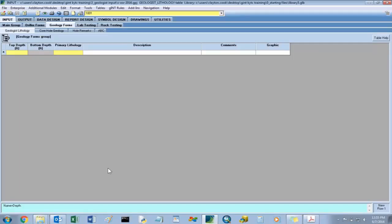Since we've input the driller's information for both the example structure and example roadway project, we're going to be inputting the geologist's information into the example structure. There won't be a geologist input example for the roadway because there were no cores on that example project.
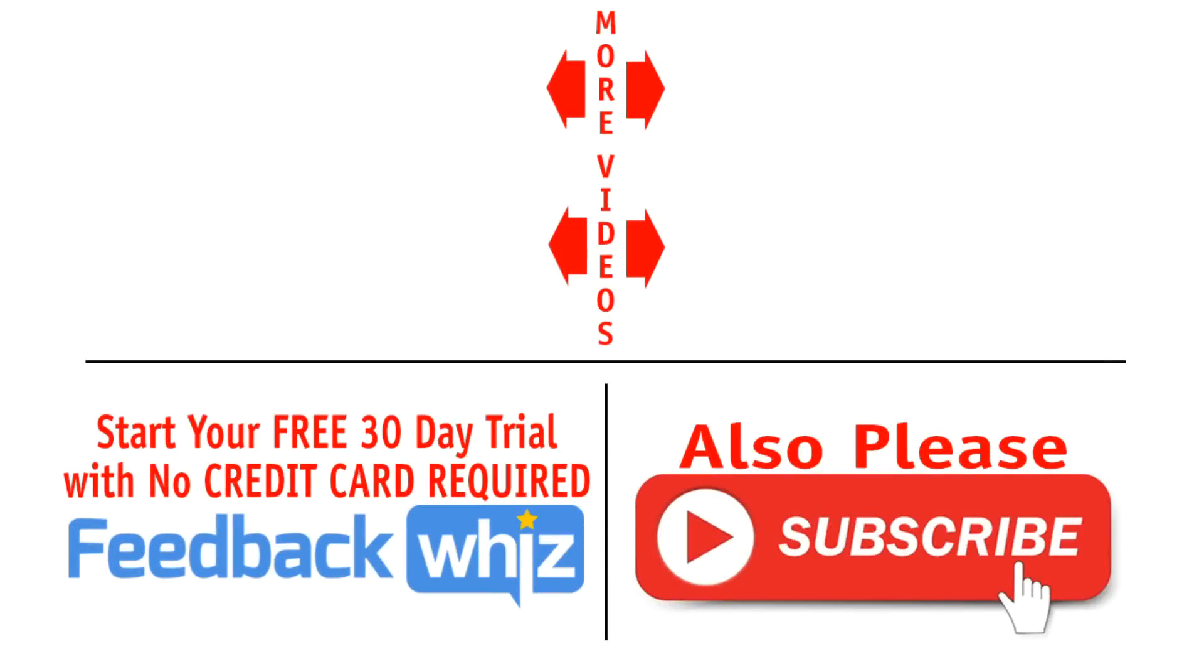Please subscribe to our YouTube channel, and for more information, please visit FeedbackWhiz.com.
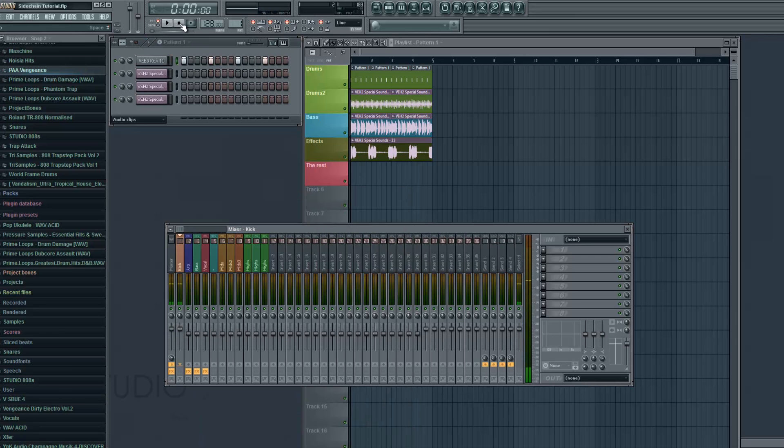So what we're gonna do now is create a group that's gonna be affecting these three mixer tracks and we're gonna route these three mixer tracks into that group. So I'm gonna be using insert five as the group and I'm gonna route insert two, three and four into that group. And this is how you do it.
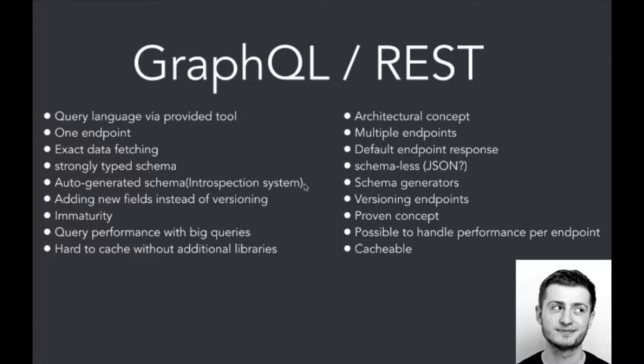In GraphQL there is auto-generated schema via introspection system, when in REST we have to use schema generators provided via external tools. In GraphQL we don't have to version the application, we just need to add new fields. In REST, obviously, for each endpoint we have to version the application to be sure that every endpoint works for every version of the application.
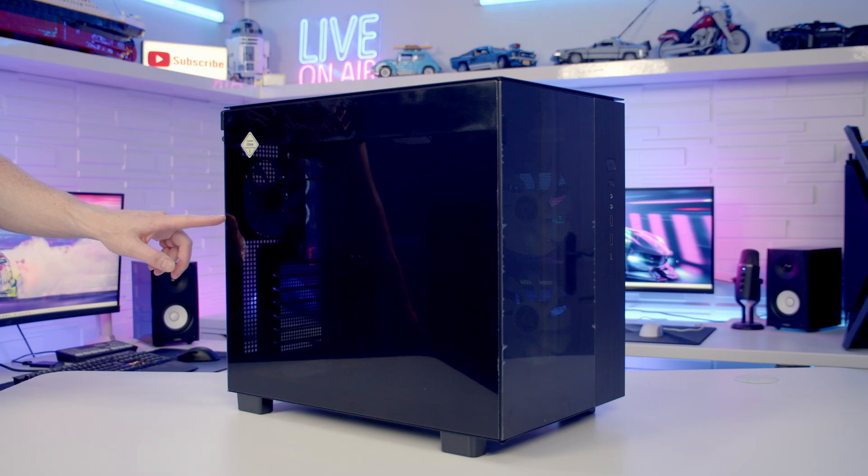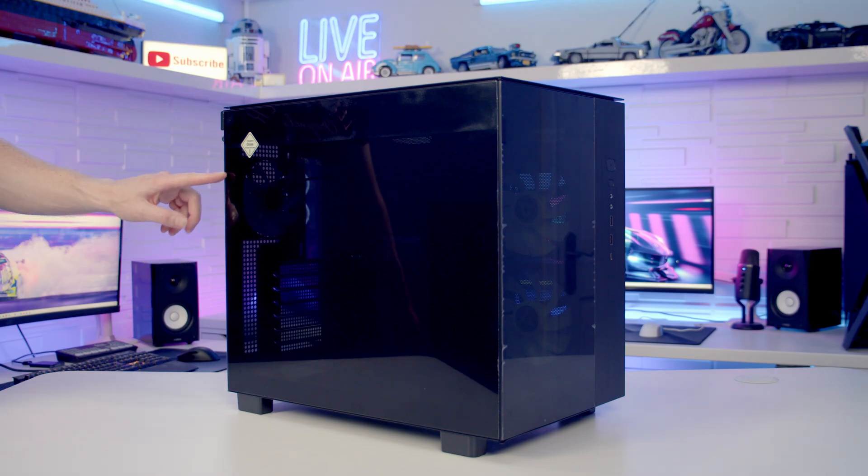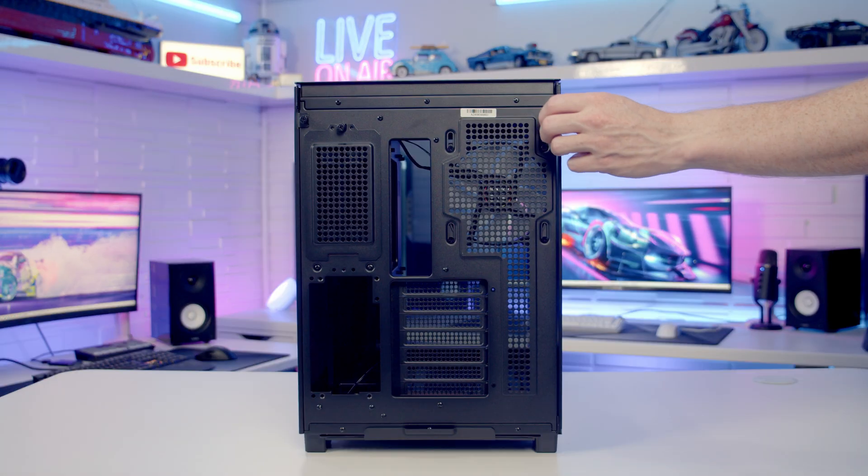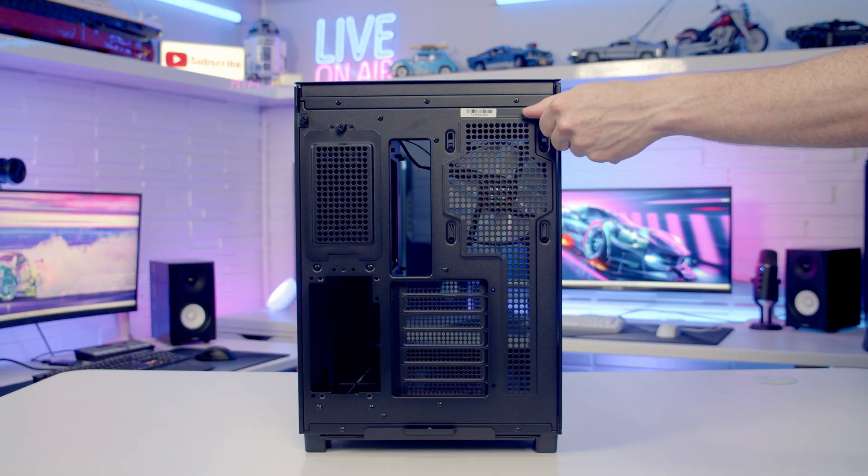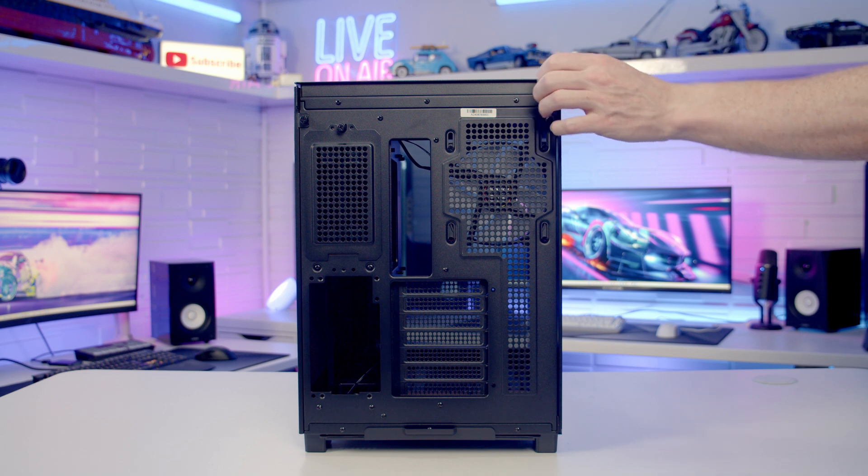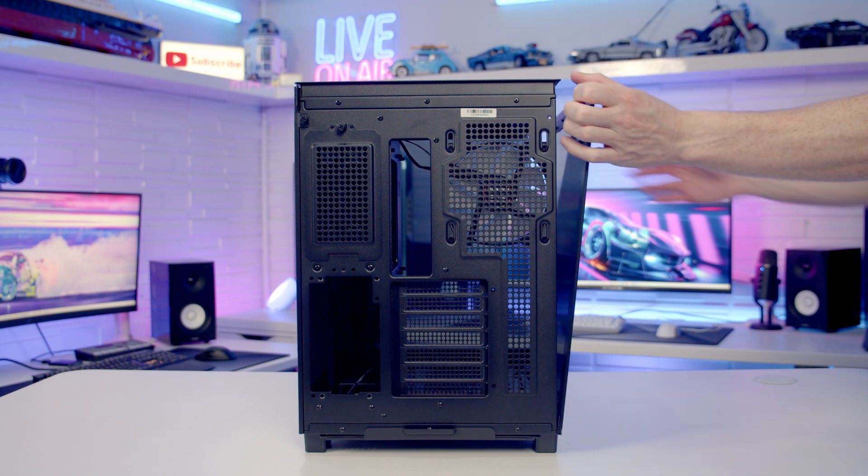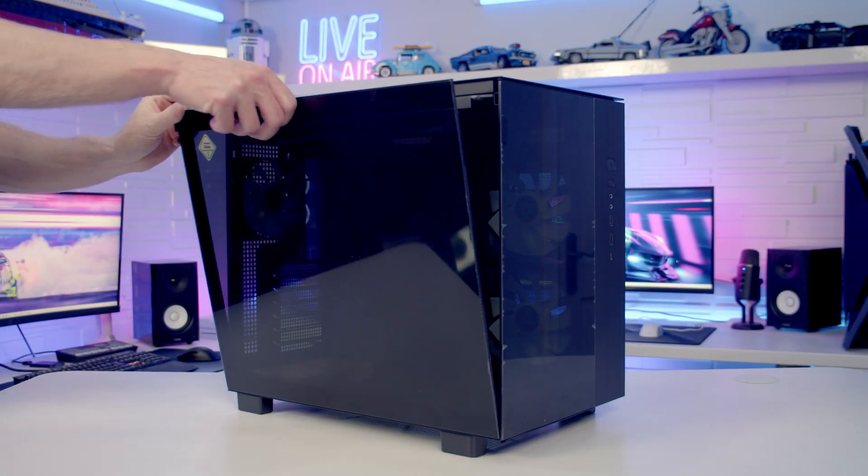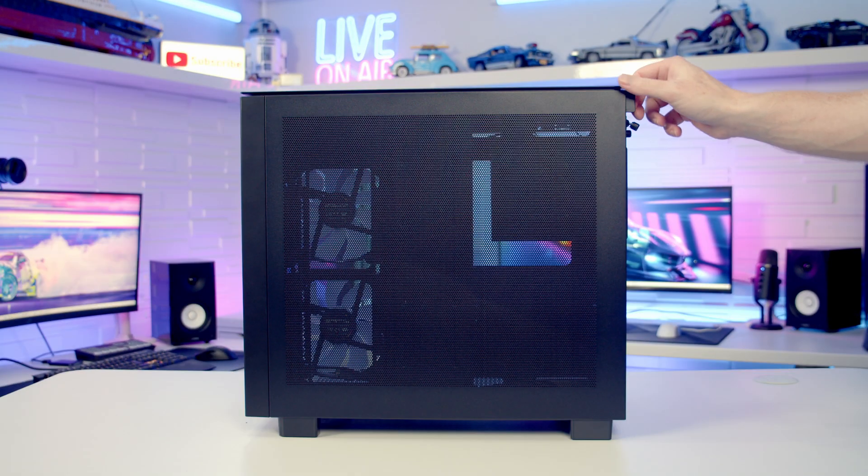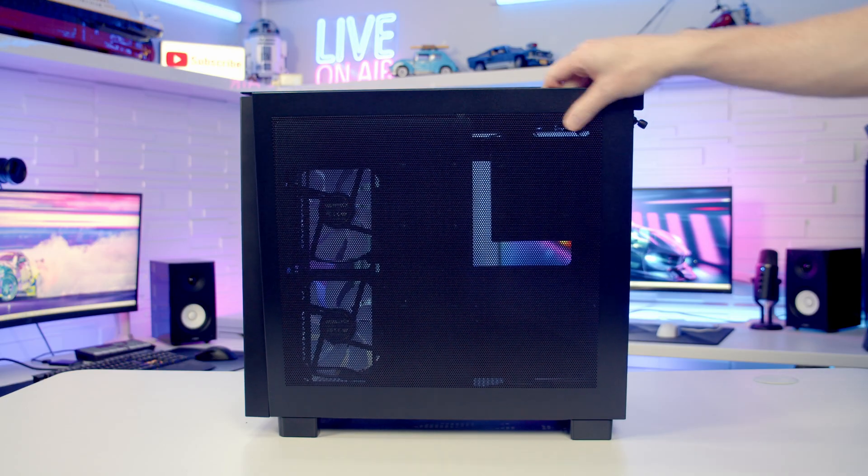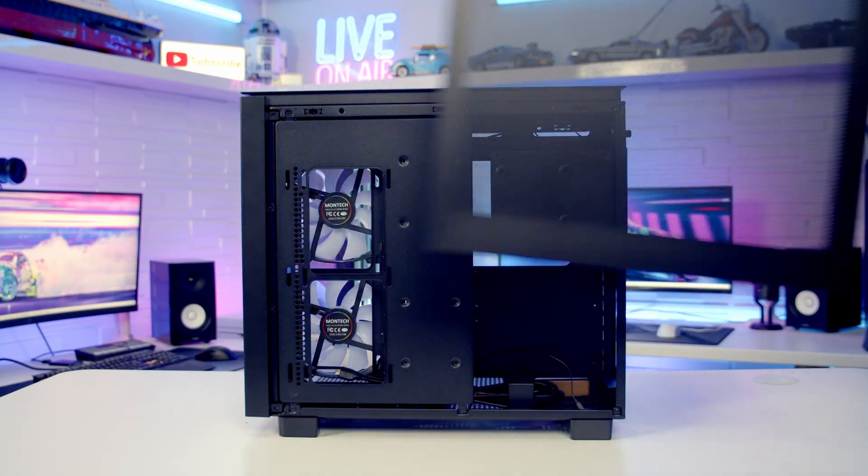To remove our tempered glass panel, there's a captive thumb screw at the back we need to loosen. Then we can pull the panel out from the top and lift it away. Our other side panel is removed in exactly the same way.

----------------------------------------

Line by line, write out the material exactly, leaving the images out.

> **ANSWER TO THIS PROBLEM**:
Since we've input the driller's information for both the example structure and example roadway project, we're going to be inputting the geologist's information into the example structure. There won't be a geologist input example for the roadway because there were no cores on that example project.
Please subscribe to our YouTube channel, and for more information, please visit FeedbackWhiz.com.
So what we're gonna do now is create a group that's gonna be affecting these three mixer tracks and we're gonna route these three mixer tracks into that group. So I'm gonna be using insert five as the group and I'm gonna route insert two, three and four into that group. And this is how you do it.
In GraphQL there is auto-generated schema via introspection system, when in REST we have to use schema generators provided via external tools. In GraphQL we don't have to version the application, we just need to add new fields. In REST, obviously, for each endpoint we have to version the application to be sure that every endpoint works for every version of the application.
To remove our tempered glass panel, there's a captive thumb screw at the back we need to loosen. Then we can pull the panel out from the top and lift it away. Our other side panel is removed in exactly the same way.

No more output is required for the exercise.